The place of women in Indian politics reflects the opportunities and constraints that are associated with its democracy. Women have been key to numerous social movements and non-governmental organisations that underlie India’s vibrant civil society.
Whenever issues regarding women were addressed in the parliament our male politicians reached a new level of low grade. Politicians are often seen to use sexist remarks in parliament. According to a report published in 2017, India ranked 148th position in ‘Women in Parliament’ and at 88th position in ‘Women at ministerial position’. Our parliament currently has 11.8% women representation and state assemblies have only 9% even though ‘women empowerment has become a catchphrase in every government policy. Women need representation in parliament because it gives them equality. The constitution of India guarantees justice- social, economic and political, liberty of thought, and equality to all citizens. With gender-based violence ripping the country apart it has become more evident for an equal representation of women in politics. Self- representation and self-determination is a great step towards women empowerment.
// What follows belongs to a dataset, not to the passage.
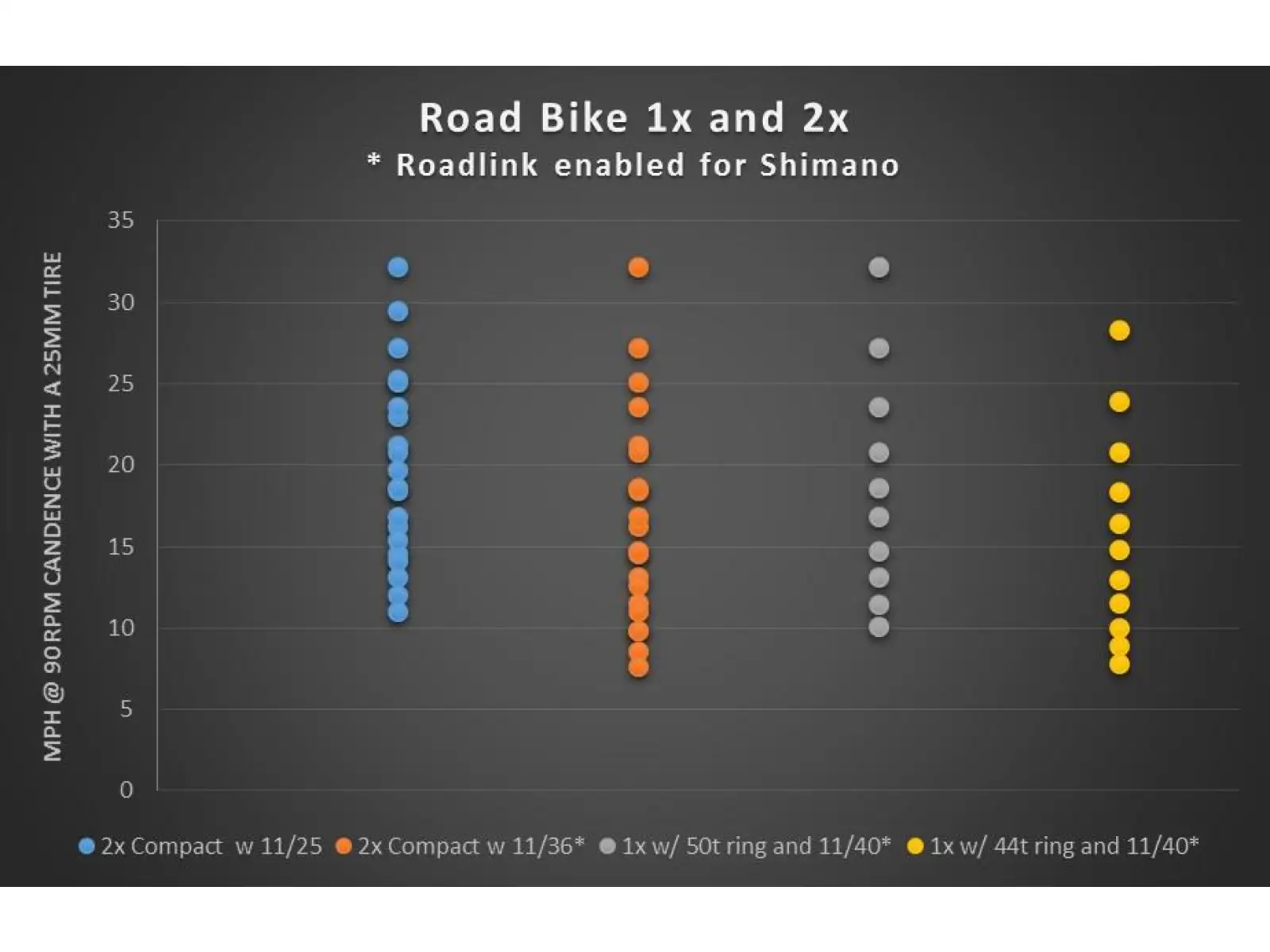 Wolf Tooth RoadLink prodloužení patky přehazovačky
The major challenges that women face are gender stereotypes. Women received less funding as compared to their male counterparts during elections. There is a lack of political network which in turn acts as a barrier for common women to take part in politics. The women reservation bill which would allow 1/3rd representation of women in the parliament has not yet been passed by the Lok Sabha. Although the bill needs some changes, as it only seems to benefit the urban and rich women and not the rural women. When women come to power, their leadership becomes delicate. When they become the minister of parliament their powers are generally limited. They are expected to strictly adhere to the party policy concerning women.